I've never been one of those people that thinks religion should be shoved into the spotlight at all costs. I'm ok with separating our court system from our systems of faith. I don't have an agenda for posting the Ten Commandments or telling people that believe or live differently than I do that they're wrong. I'm pretty sure that our God is much bigger than the categories we put one another in - and that God doesn't judge nearly as harshly as we do. I think that's what makes doing ministry on a college campus pretty cool. Sharing Love is as easy as handing out a popsicle or cup of hot chocolate. I think we are the ministry on this campus that doesn't expect everyone involved to even believe. It's about loving people into relationship. And yesterday I was challenged by the keepers of the rules. (I might like to call them Pharisees, but they're just doing their jobs.)
Making Ash Wednesday approachable and a teachable moment for folks is pretty cool. So why not take it to the public right? I thought so anyway - until I was asked to leave for "soliciting." There I sat at a small table (where we always meet for Bible study) where folks gather to study or eat. I had a small sign and a few papers to explain what Ash Wednesday and Lent are all about. I was just sitting, trying not to feel all peculiar about being there. Being asked to leave was frustrating, but being called out for "solicitation" really made me mad. He made it sound like I was running after folks throwing ashes at them yelling "repent."
It was one of those moments that I did not handle all that well - and definitely one that I thought "I wish I would have said..." But in the end it just made me feel embarrassed and a little frustrated. I can't imagine the emotions Jesus went through as he was told again and again to "stop" or "go away." I would have wimped out. I would have said something mean and failed to be the presence of God.
None of us like to feel foolish or be misunderstood. Unfortunately it happens to all of us at some point, and yet we trust with great excitement that one day our God will be revealed to all people.

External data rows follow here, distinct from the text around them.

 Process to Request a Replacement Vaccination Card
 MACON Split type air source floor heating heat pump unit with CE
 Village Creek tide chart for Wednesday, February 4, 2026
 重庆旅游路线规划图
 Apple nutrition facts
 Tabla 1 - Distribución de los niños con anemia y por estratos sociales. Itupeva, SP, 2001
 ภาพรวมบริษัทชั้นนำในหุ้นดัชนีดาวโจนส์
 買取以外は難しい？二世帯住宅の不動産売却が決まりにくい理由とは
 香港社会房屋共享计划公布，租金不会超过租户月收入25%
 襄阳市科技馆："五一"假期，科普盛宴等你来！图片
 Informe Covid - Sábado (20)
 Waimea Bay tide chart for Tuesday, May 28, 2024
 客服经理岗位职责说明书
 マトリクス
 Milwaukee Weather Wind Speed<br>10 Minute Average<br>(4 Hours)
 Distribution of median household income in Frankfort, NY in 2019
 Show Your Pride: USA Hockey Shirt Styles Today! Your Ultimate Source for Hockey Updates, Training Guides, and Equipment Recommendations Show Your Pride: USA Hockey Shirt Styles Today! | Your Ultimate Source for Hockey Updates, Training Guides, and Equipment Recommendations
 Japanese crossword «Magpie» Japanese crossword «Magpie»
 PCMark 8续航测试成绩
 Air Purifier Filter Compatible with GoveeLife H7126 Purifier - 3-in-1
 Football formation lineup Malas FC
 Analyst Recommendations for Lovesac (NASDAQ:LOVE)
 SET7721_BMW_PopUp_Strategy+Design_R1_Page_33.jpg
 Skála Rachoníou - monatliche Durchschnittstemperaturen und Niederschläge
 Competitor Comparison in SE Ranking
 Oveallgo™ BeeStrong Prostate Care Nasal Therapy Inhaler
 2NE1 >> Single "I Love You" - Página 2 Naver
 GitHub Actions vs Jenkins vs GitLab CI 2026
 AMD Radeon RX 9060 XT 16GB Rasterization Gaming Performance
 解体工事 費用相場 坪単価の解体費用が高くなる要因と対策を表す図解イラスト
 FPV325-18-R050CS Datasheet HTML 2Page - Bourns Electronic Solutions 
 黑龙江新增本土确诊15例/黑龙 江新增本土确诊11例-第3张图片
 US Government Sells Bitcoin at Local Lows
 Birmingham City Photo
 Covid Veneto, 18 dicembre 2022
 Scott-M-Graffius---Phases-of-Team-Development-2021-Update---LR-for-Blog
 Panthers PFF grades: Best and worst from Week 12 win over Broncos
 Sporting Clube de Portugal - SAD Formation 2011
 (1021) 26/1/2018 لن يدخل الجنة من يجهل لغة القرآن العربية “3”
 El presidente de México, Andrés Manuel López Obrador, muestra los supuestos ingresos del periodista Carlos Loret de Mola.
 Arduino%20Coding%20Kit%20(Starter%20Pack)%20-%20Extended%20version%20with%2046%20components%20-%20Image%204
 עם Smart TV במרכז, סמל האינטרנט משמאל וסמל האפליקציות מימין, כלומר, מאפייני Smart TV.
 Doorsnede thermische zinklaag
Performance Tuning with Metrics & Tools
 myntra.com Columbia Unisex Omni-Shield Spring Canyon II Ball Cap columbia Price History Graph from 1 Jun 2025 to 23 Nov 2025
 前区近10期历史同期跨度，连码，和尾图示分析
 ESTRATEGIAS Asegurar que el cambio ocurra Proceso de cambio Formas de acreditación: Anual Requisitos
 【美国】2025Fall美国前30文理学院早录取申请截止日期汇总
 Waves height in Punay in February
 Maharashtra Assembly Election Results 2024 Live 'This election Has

I can't wait to be embraced by the Light, Love, Mercy and Grace that is our God.
These sentiments are similar to those of the Psalmist in the 25th chapter:
My head is high, God, held high;
I’m looking to you, God;
No hangdog skulking for me.
I’ve thrown in my lot with you;
You won’t embarrass me, will you?
Or let my enemies get the best of me?
Don’t embarrass any of us
Who went out on a limb for you.
It’s the traitors who should be humiliated.
Show me how you work, God;
School me in your ways.
Take me by the hand;
Lead me down the path of truth.
You are my Savior, aren’t you?
Mark the milestones of your mercy and love, God;
Rebuild the ancient landmarks!
Forget that I sowed wild oats;
Mark me with your sign of love.
Plan only the best for me, God!
God is fair and just;
He corrects the misdirected,
Sends them in the right direction.
He gives the rejects his hand,
And leads them step-by-step.
From now on every road you travel
Will take you to God.
Follow the Covenant signs;
Read the charted directions.
All of us navigate the different paths in our lives. Living out our faith and passion can be hindered by process, rules, and red-tape - but even these roads, often the ones with the most bumps and hills, lead us to God. I realized this as students circled the table for the rest of my time in that space, as they laughed and together we celebrated the movement of the Spirit in that place.
It's all good. It's all God. Thanks be to God.